Sunday, November 18, 2007

Black Sesame

Japanese cuisine has never been one of my absolute favorites, but on my recent trip there I was happy to discover several native foods that perfectly match my palate. Black sesame is one. I don't know that the flavor of the seed itself is any different from the white version, but I can tell you that the black sesame crackers, mochi and as in this photo, ice cream, were among the very best culinary memories I brought back with me.

Caveat: I have been known to bang the drum for sweets that find no takers among my circle. Red or mung bean paste desserts leave most people wondering if they can ever again take seriously my food recommendations. Same thing happens when I recommend avocado milk shakes (with chocolate!). But a food culture that can make a bland bean into a sweet confection is one I can really respect. Hey, it's nutritious!

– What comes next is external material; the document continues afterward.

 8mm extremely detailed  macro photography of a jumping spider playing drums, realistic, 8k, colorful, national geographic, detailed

I discovered on the web that this ice cream, on your right in the picture - with a delicate but distinct nutty flavor -- can be obtained here in NYC. I'll be stopping by next time I'm in the area.

Friday, November 02, 2007

Chestnut Nostalgia

It is one of my comfort foods. Resistant to cultivation outside its native geography, and forced to unequivocally mark the arrival of autumn and autumn alone, the edible chestnut is something to look forward to this time of year if you are lucky enough to live in its environs. It is not just a great snack on its own -- sweet but not a bit cloying like a persimmon, that other wonderful autumn fruit, can be. It is healthy and nourishing if simply roasted or boiled. It takes me way, way back to the days of chilly legs poking out of my scratchy tweed coat with the velvet cuffs, standing on frosty cobblestones for a parent to hand me the warm paper cone of singed chestnuts, with the aroma of charcoal and burnt peel wafting around us. The farinata of chestnut taken with a glass of red wine in Florence on days prior to Christmas as the temperature plunged is a memory of adulthood.

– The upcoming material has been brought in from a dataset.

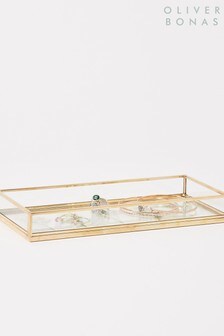 Oliver Bonas Gold And Glass Dried Floral Jewellery Tray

So while in Japan last month, I was delighted to learn that there the chestnut is even more evident in autumn than in Italy. It was difficult to find them roasted, but no problem finding chestnut as a sweet paste in mochi, as soft serve ice cream with tiny nuggets of chestnut meat, as filling for a fist-sized pancake, as flour for cookies or crackers, as a glacee or in the center of chocolates. Every sweet vendor -- and there are many -- had their own version of the seasonal treat. What heaven. This cake is an example of what I encountered, even if unfortunately I did not get around to sampling this one being quite sated already with that day's intake of chestnut wafers.

Luckily, less than one week after returning from chestnut land, I stumbled upon a menu item here in Portland at the well-regarded Giorgio's that compensated for this area's relative lack of a chestnut season: home-made chestnut tortellini in an apple and celery coulis. Delicate, light, the sweetness of each ingredient nicely balanced, the dish is highly recommended. Go now as chestnut season will soon be over.